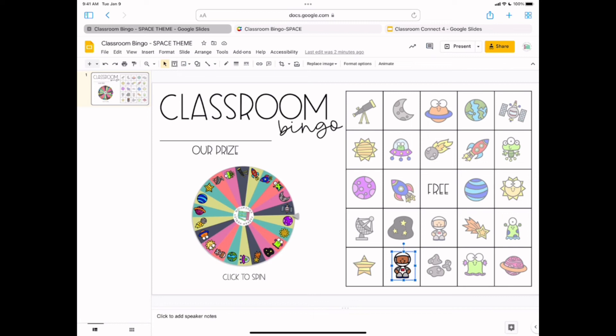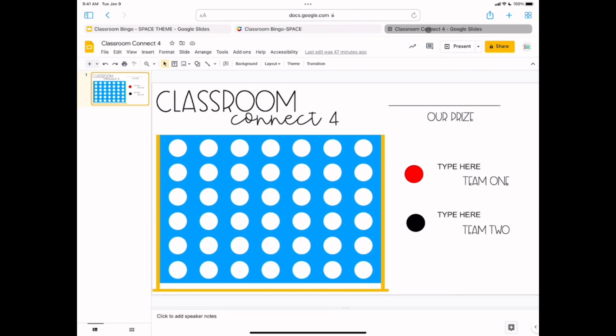Let's move on to the next classroom management game — one that many of you are probably familiar with: Connect Four. I absolutely love Connect Four. I want to show you quickly on the Connect Four in Google Slides that if you add a text box, you can type in the prize — so maybe their prize for Connect Four is going to be two minutes of extra recess.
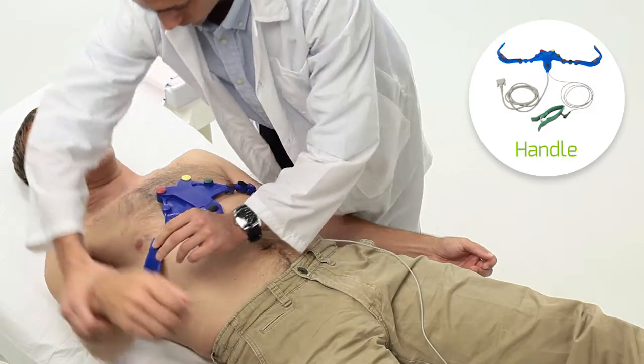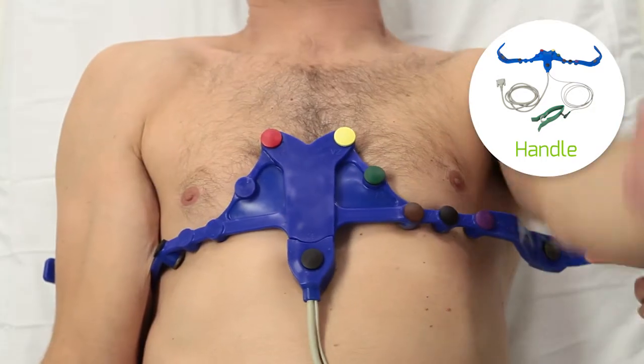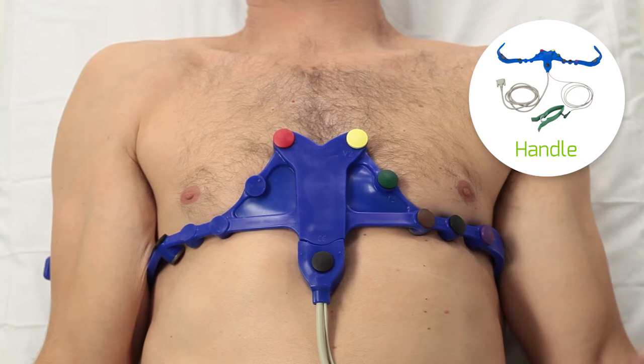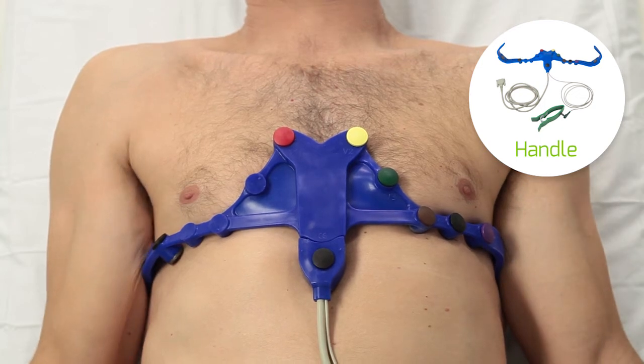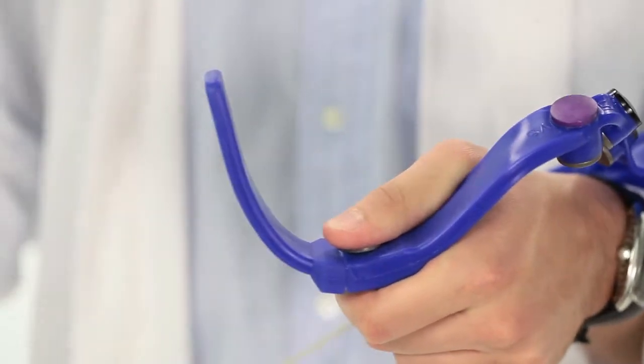If you are using the handle belt, apply the handle on the mid-arm between elbow and shoulder. If necessary, for better fitting to the arm, hold the hand electrode and adjust the handle gently.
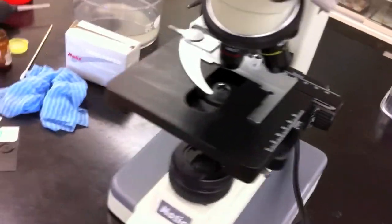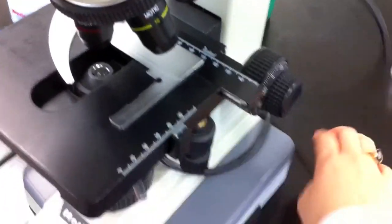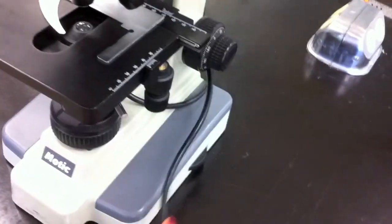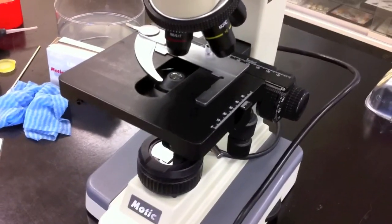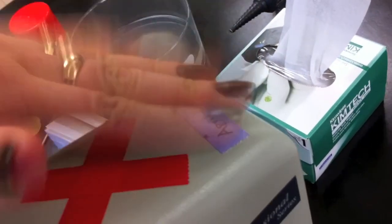Now we can wrap the cord around the microscope and put it away. Make sure that you cover it if you're not going to be using it right away so the dust does not collect on it. You should be good for another six months. We usually date every time we clean our microscope — we put the date at the back so we know next time when to clean it.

Exercise prompt: Pictures stay out of the copy; print the material above exactly.

Written answer:
Let's move on to the next classroom management game — one that many of you are probably familiar with: Connect Four. I absolutely love Connect Four. I want to show you quickly on the Connect Four in Google Slides that if you add a text box, you can type in the prize — so maybe their prize for Connect Four is going to be two minutes of extra recess.
If you are using the handle belt, apply the handle on the mid-arm between elbow and shoulder. If necessary, for better fitting to the arm, hold the hand electrode and adjust the handle gently.
Now we can wrap the cord around the microscope and put it away. Make sure that you cover it if you're not going to be using it right away so the dust does not collect on it. You should be good for another six months. We usually date every time we clean our microscope — we put the date at the back so we know next time when to clean it.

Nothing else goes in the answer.